At the heart of the third Hobbit is one giant conflict. It has very little to do with Smaug the dragon and much more to do with the greed and corruption that arise as a result of the Misty Mountain’s treasure cache. Five armies literally do show up, and they battle it out for the entirety of the film. Most of Jackson’s Lord of the Rings installments have had a similar formula that leads up to a climactic battle at the end of the film. Battle of the Five Armies, however, elected a different route. The film just has the massive fight the whole time. As a result, the fighting can be a bit of a drain. Fortunately, Legolas has no shortage of physic-defying madness to keep audiences entertained once they become a bit bored with the incessant orc massacre.

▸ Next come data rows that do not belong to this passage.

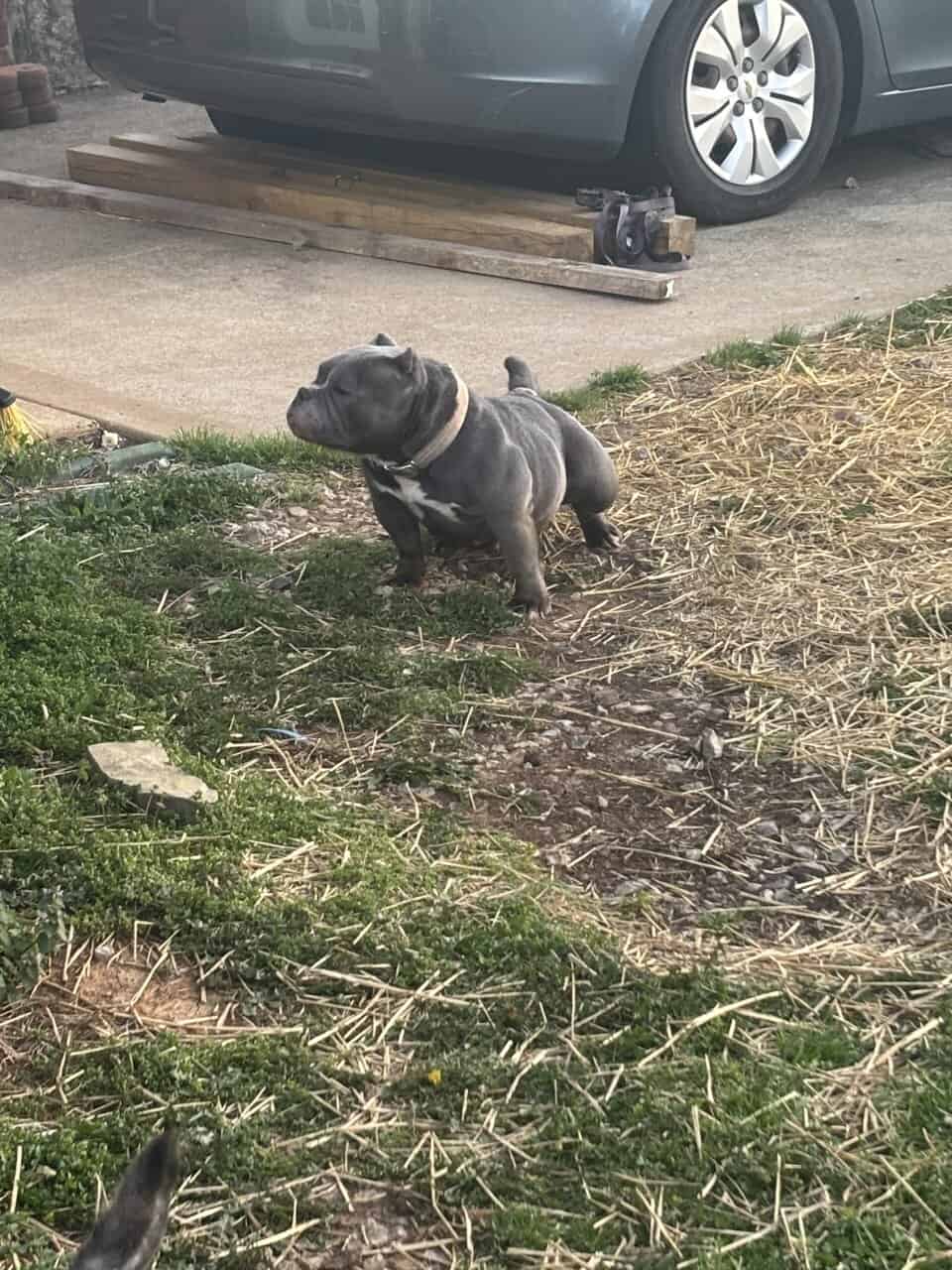 American Bullys image 4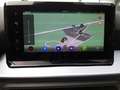 SEAT Ibiza FR Black Edition 150 PS *RFK*PANO*DSG*SH* Bleu - thumbnail 19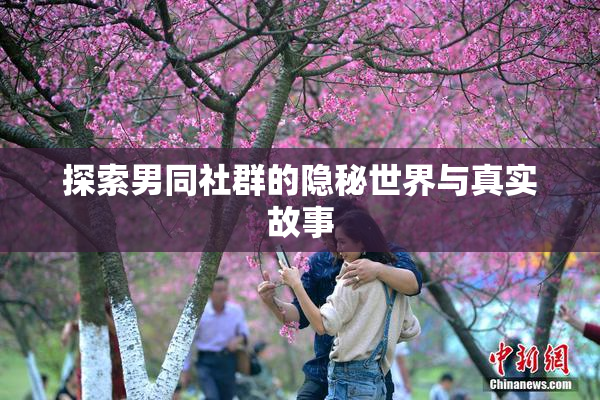 探索男同社群的隐秘世界与真实故事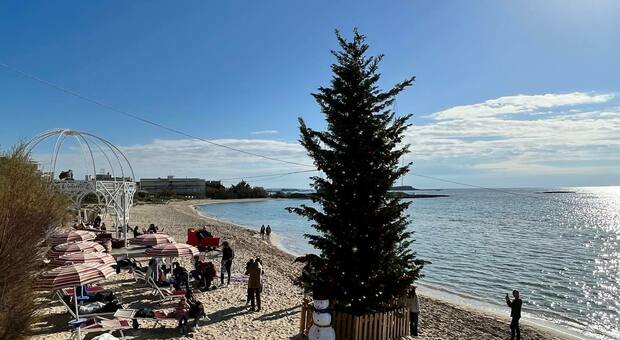L'albero di Natale al lido Le dune di Porto Cesareo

One of the reasons that The Hobbit: Battle of the Five Armies delivers in spades is because it finds ways beyond the initial conflict to compel the audience. Besides the large war, there are a few beautifully organized character developments in the Hobbit story line as well. Thorin Oakenshield battles with his inner demons as greed corrupts his mind, Tauriel’s awkward romance with a dwarf persists to Legolas’ dismay, and everyone and their brother attempts to lay siege to the mountain for their “right” to some of the gold. Most of these situations have been crafted by Jackson’s willingness to deviate heavily from the Hobbit source material, but his artistic license actually carries the story line, driving much more drama into it. It is important to remember he did suck nearly ten hours and three movies out of 304 page children’s book.
There is one thing that must be mentioned in a review of the film. It is not necessarily a spoiler, but must be acknowledged. At the end of the film, there is an incredibly massive plot hole that holds no logic or legitimacy. Legolas is told to go watch over an up and coming ranger who calls himself “Strider,” for he may be important one day. Someone at New Line Cinema needs to lose their job. As Lord of the Rings fans are aware, the Hobbit takes place 60 years prior to the events of Lord of the Rings. As fans will also know, Strider is Aragorn. There is no possible way that Aragorn, a man, is an adult ranger who calls himself Strider during this time. Someone from the studio will likely attempt to remedy this plot hole, but it just leaves fans of the franchise mystified by the error at the end of the film.
The Hobbit: Battle of the Five Armies delivers in spades and audiences must make their way to see it on the big screen. Jackson claims it is his last outing into the franchise, so it will likely be the last Lord of the Rings content fans will get in a long while. There is hope, though. The Silmarillion has quite a few good stories, too.